This brings me to Turlough. Turlough is very good throughout. At last he is coming to terms with his reluctant mission for the Black Guardian. He doesn’t want to kill the Doctor and he won’t, even going so far as to attempt suicide to escape his pact with the devil. He has flashes of cowardice and bravery; flashes of greed and generosity. He is having massive inner struggles, and it’s interesting that none of the mind reading Eternals pick up on this. Wrack tries to read him, but somehow Turlough’s devious mind manages to evade her on most counts.
Adric was always one to act the mole, never successfully or convincingly. Turlough, on the other hand, has multiple occasions in Enlightenment to play the part, and I have to say that he is so good at it that even now I’m not entirely sure that he isn’t genuine in his various betrayals of the Doctor.

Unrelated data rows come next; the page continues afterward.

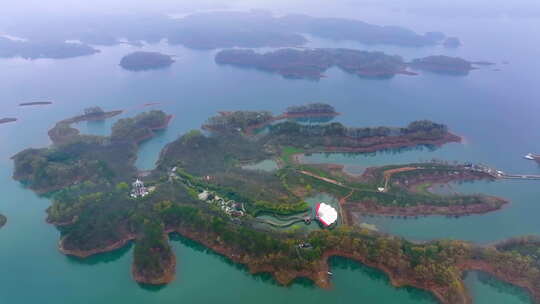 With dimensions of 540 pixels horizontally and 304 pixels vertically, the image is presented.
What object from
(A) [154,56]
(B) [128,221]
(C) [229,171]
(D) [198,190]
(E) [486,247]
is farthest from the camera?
(A) [154,56]

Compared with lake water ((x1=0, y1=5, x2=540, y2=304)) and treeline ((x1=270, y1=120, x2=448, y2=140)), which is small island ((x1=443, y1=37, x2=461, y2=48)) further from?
treeline ((x1=270, y1=120, x2=448, y2=140))

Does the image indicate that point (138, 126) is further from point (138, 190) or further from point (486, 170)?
point (486, 170)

And in the end it all comes down to his choice. The Black Guardian offers him a diamond that could buy a galaxy in exchange for the Doctor. Turlough’s agony is real as he finally flings the diamond at the Black Guardian who bursts into flames for some reason (“light destroys the dark”). “Enlightenment was not the diamond,” the Doctor summarizes, “Enlightenment was the choice.”
Of course the White Guardian explains that the Black Guardian wasn’t really destroyed (so what was the point of the flames from hell?). “Dark cannot exist without knowledge of light,” but so too, “nor light without dark.”
“While I exist, he exists also,” the White Guardian proclaims, “until we are no longer needed.” I’m not entirely sure why they are needed, except I suppose that without light or dark it would be like the Eternals in their echoing void hungry for any hint of existence.
And so I send this out into that echoing void, Gary, hoping that somewhere out there the light and the dark are reaching you too . . .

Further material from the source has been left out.